Reputation: 1293
I'm trying to separate elements from a list into different columns of a pandas dataframe. Essentially I want, for every tenure
option - i.e. Detached, Semi-detached, columns like detached_price
, detached_cost
, detached_rooms
and detached_asking
, then the same for Semi-detached, Terraced, Flats etc.
p = [{'br8': [{'tenure': 'Detached',
'data': ['£1,248,554', '£571', '4.3', '£1,063,001']},
{'tenure': 'Semi-detached',
'data': ['£581,968', '£499', '3.3', '£587,188']},
{'tenure': 'Terraced', 'data': ['£520,725', '£516', '3.0', '£474,719']},
{'tenure': 'Flats', 'data': ['£424,898', '£516', '2.0', '£394,092']}]}]

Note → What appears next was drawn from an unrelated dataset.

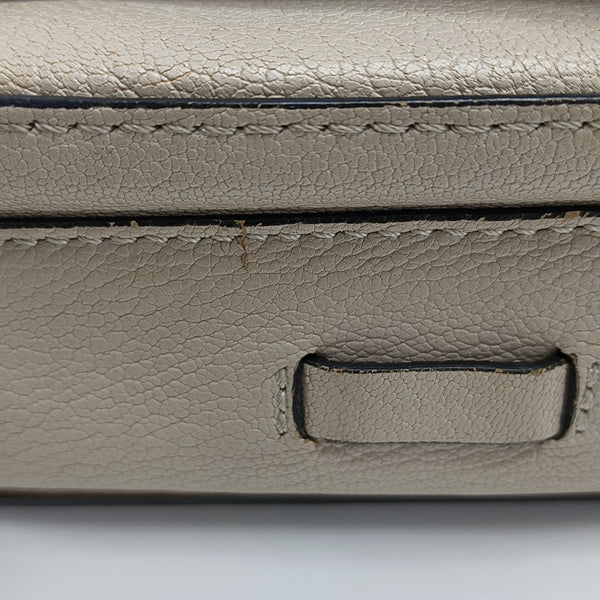 Square Stone Calfskin Beige
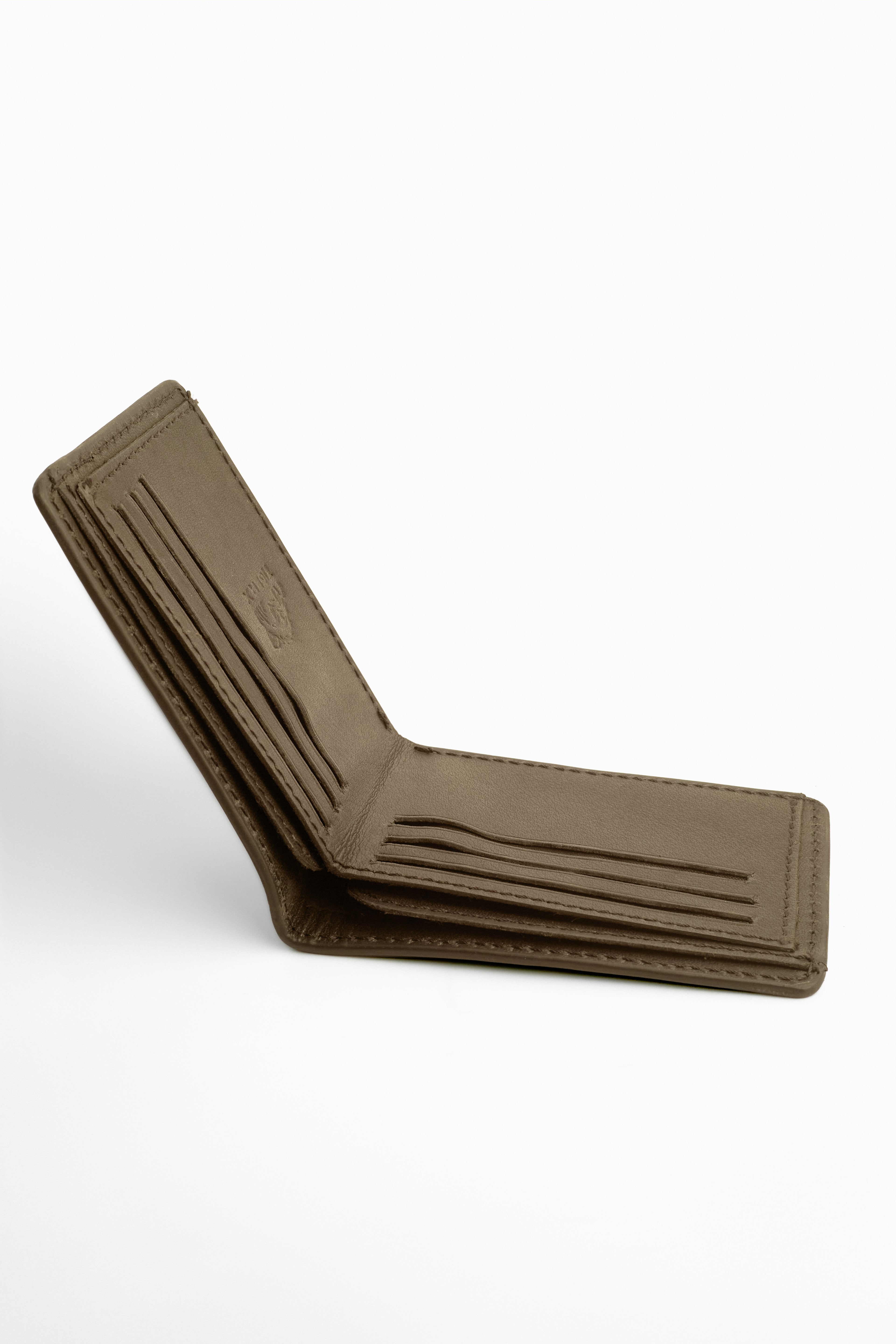 wallet napa 12 pockets dark-brown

I've tried this so far, but it won't parse the columns correctly. Does anybody have any advice or direction as to how to achieve my goal here?

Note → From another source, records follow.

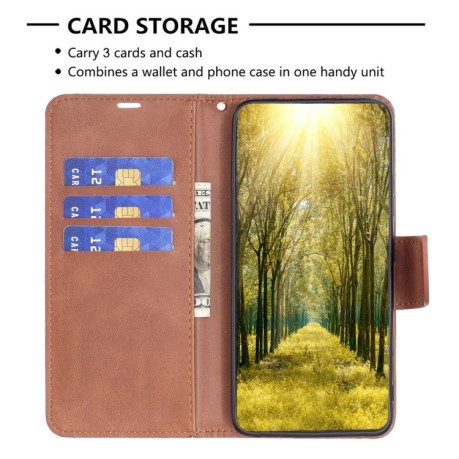 Чохол-книжка Retro Lambskin Texture для Samsung Galaxy S24 Ultra 5G - коричневий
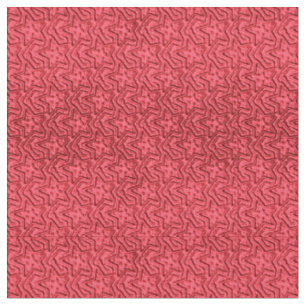 Skulpturen Stars-Coral Pink-Zazzle Stoff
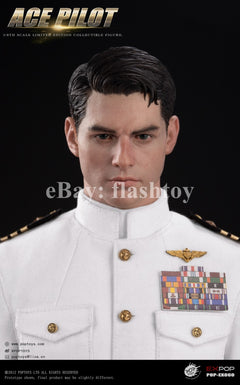 Presale POPTOYS EX060 1/6 ACE Pilot Mitchell The Gun Action Figure Uniform Ver.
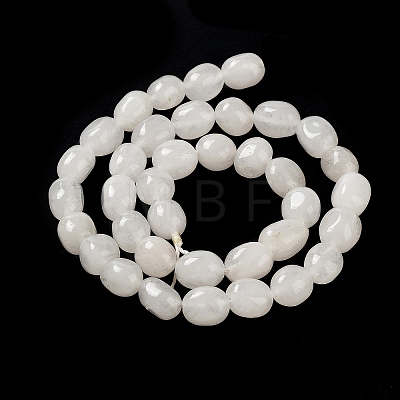 Natural White Jade Beads Strands G-E614-B01-08-1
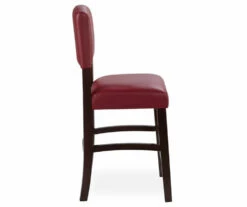 Faux Leather & Wood High Back Bar/ Counter Stools -Storage supplies store 810389552 2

pd.DataFrame.from_records(p).T
My desired output is:
detached_price, detached_cost, detached_rooms, detached_asking, semi_detached_price, etc etc
br8 £1,248,554, £571 , 4.3 , £1,063,001, £581,968
Upvotes: 1
Views: 134
Reputation: 23099
This will be quite a long dataframe, but the below should work :
first we import some modules, and assign your columns, I'm assuming you have a full set of data and no NA values. if you do, you'll need to figure out a way to map your ask, cost, room into your dataframe.
from collections import defaultdict
from itertools import cycle
import pandas as pd
dfs = defaultdict(list)
for index,y in p[0].items():
for _ in y:
for key, value in _.items():
dfs[key].append(value)
dfs['index'] = index
df = pd.DataFrame(dfs).set_index('index')
df = df.explode('data')
status = cycle( ['price','cost','room','ask'])
df['status'] = [next(status) for stat in range(len(df))]
df['tenure'] = df['tenure'] + '_' + df['status']
final = pd.crosstab(df.index,df.tenure,values=df.data,aggfunc='first')
print(final.iloc[:,:4])
tenure Detached_ask Detached_cost Detached_price Detached_room
postcode?
br8 £1,063,001 £571 £1,248,554 4.3
Upvotes: 1